• _PROMPT_: Please restate the records below verbatim, omitting every image they hold.

[Short text fragments from websites]

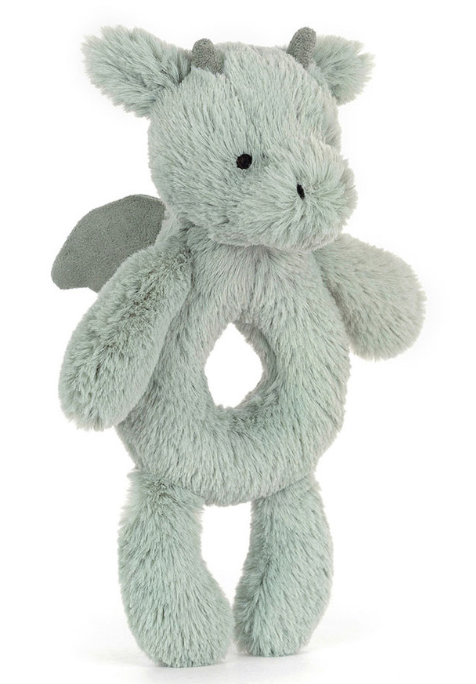 Bashful Dragon Ring Rattle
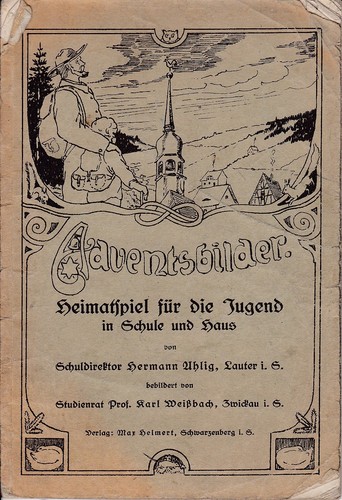 Adventsbilder heimatspiel - adventsbilder,,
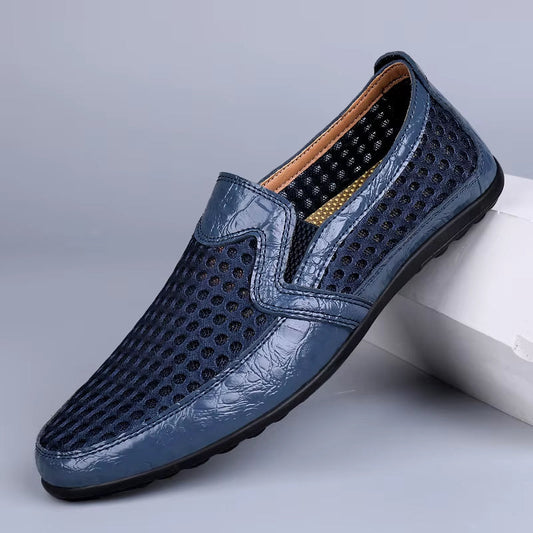 MARSTON MESH LOAFERS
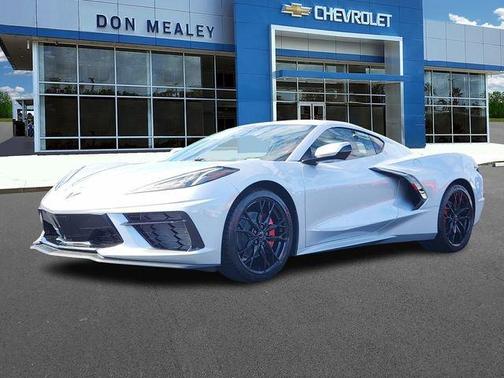 2026 Chevrolet Corvette Stingray w/1LT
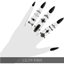 Simpliciaty's Lilith Rings logo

• _WRITTEN RESPONSE_:
 Bashful Dragon Ring Rattle
 Adventsbilder heimatspiel - adventsbilder,,
 MARSTON MESH LOAFERS
 2026 Chevrolet Corvette Stingray w/1LT
 Simpliciaty's Lilith Rings logo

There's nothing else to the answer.